I’m now on adalimumab injections and there has been an improvement, but the infections and bleeding are still happening. I think the most important thing is for people not to ignore any symptoms – just because they are not in the place where they usually are doesn’t mean it isn’t connected to your Crohn’s.
As we get older our bodies change anyway.
If you have Crohn’s the symptoms you have might not be normal so please pay attention to anything unusual. Listen to what your body’s telling you and don’t let your GP or your consultant dismiss you.
WHAT IS ECTOPIC CROHN'S?
Crohn’s Disease develops in the digestive tract between the mouth and anus. In rare circumstances, it can spread to the vulva or vagina following a fistula in the perineum and/or rectum. This is known as Ectopic Crohn’s as it occurs outside the digestive tract.
I had an oral Crohn’s outbreak in January 2017.
It started out as one or two mouth ulcers and got worse over the course of a week. Eventually I had ulcers all over my lips and tongue. Eating, swallowing liquid, and talking became impossible. I was admitted to hospital and stayed for a week on antibiotics until my symptoms got better.

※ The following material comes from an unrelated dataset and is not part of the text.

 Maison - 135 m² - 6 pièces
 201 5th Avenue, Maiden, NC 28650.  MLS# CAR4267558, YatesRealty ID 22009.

As I hadn’t been diagnosed with any type of Crohn’s or Colitis, the medical staff treated it as herpes even though I’d never had a single cold sore. After a week it cleared up slightly, so I was able to eat and drink, which was good because my weight had dropped. The hospital wasn’t sure what was happening but I seemed better so I was told I could go home.
It was difficult to eat and drink while I was healing and I’ve still got scars on my lips from then, although I haven’t had ulcers since.
The following month, I went into my local hospital to have a colonoscopy, and that’s when ulcers were found in my colon and I was diagnosed with Ulcerative Colitis. Unfortunately, during that procedure my bowel was perforated, so I had a total colectomy. I spent seven weeks in hospital and my weight dropped even more.
Following my operation, I started to feel a restriction in my throat, making it difficult to swallow.
At first people wouldn't believe there was anything physically wrong and said it was all in my head. It was around June last year that I finally got a diagnosis of Oesophageal Crohn’s after an endoscopy found a stricture that made my throat only 3mm wide, instead of 20mm. I also had ulcers in my oesophagus and was prescribed prednisolone, which helped a bit, and then I moved on to infliximab.
Now, around once a fortnight, I have my throat opened by endoscopic balloon dilation. When my throat is first opened, I can eat normal foods like pizza and the like, but as it closes, I have to eat much softer food with smaller pieces and then liquids until it is opened again.